Labour Rights Law practices only in the areas of employment, labour, and human rights law. Over the years, our lawyers have consulted with many clients after the client’s filed their own human rights complaint. Unfortunately, when this happens, we almost always find that the client has made mistakes when filing their claim – mistakes that wind up costing them in the long-run.
The best way to avoid hurting your chances of a good award or settlement is by talking with a lawyer about your case before you file your complaint. Talking briefly with a lawyer up-front can improve your chances at a good settlement or award.
That said, if you absolutely must file on your own, this blog will provide you with some tips and tricks to help ensure you’re not making any critical mistakes.
This blog comes in two parts. The first part sets out some considerations to make before you file your claim. The second part provides you with some tips to remember when you file your claim.
Before filing: Have you been discriminated against?
Before filing, you should think hard about whether you actually have a legitimate human rights claim. For more information about the law behind human rights complaints, you can read our article on this topic by clicking here.
Put simply, being mistreated by an employer doesn’t mean that you have a good human rights complaint. For example, that it’s perfectly legal for an employer to discriminate against its employees or prefer or promote some employees over others for no good reason – so long as this discrimination or preference isn’t based on a protected or prohibited ground that has been identified in the applicable human rights legislation.
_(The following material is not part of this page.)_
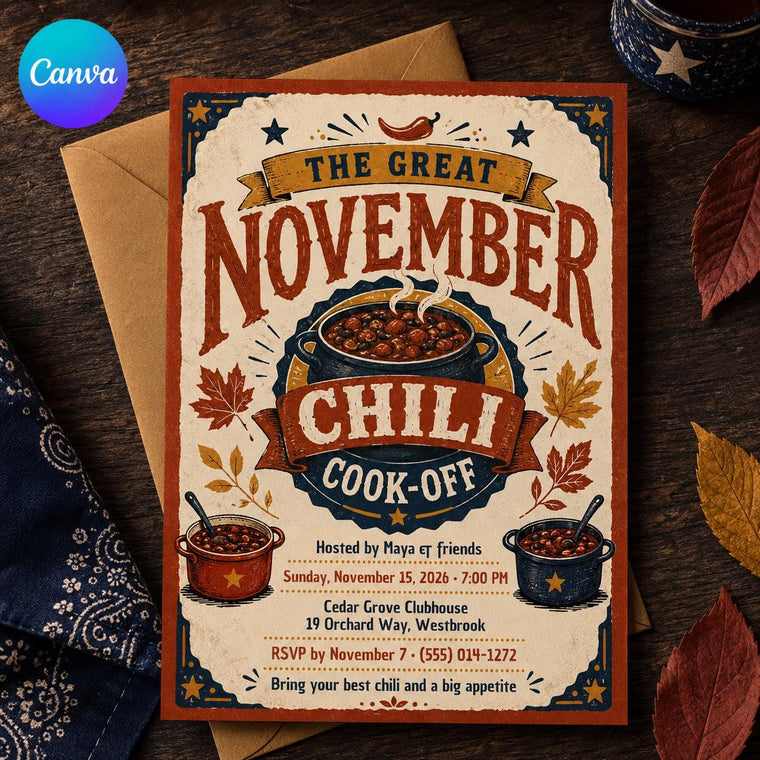 Vintage November Chili Cook-Off Flyer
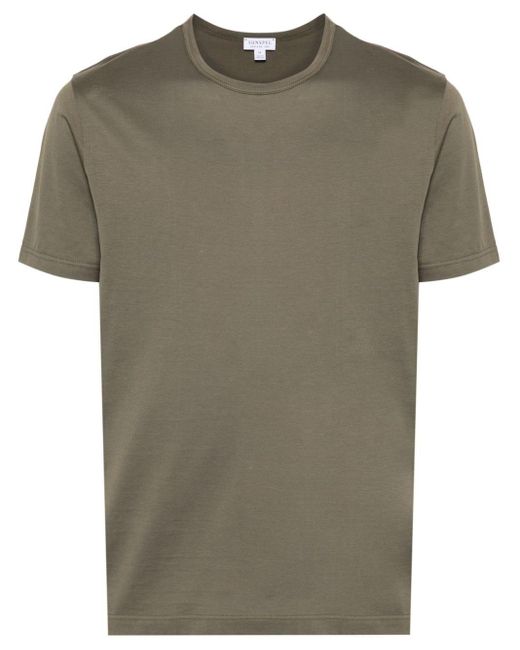 Sunspel Green Cotton Jersey T-shirt for men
In BC, prohibited grounds in the context of employment are:
- indigenous identity
- place of origin
- political belief
- marital status
- family status
- physical or mental disability
- sexual orientation
- gender identity or expression
- a conviction of a criminal or summary conviction offence that is unrelated to the employment or to the intended employment of that person
Before filing: Meet your own accommodation responsibilities
Whether or not you’ve been discriminated against often comes down to whether the employer has “accommodated” you up to the point of undue hardship. In other words, whether the employer has changed certain rules or standards or workplace cultures to make sure you weren’t negatively impacted because you are a member of a group that is protected under the human rights legislation (e.g. disability, religion, etc.)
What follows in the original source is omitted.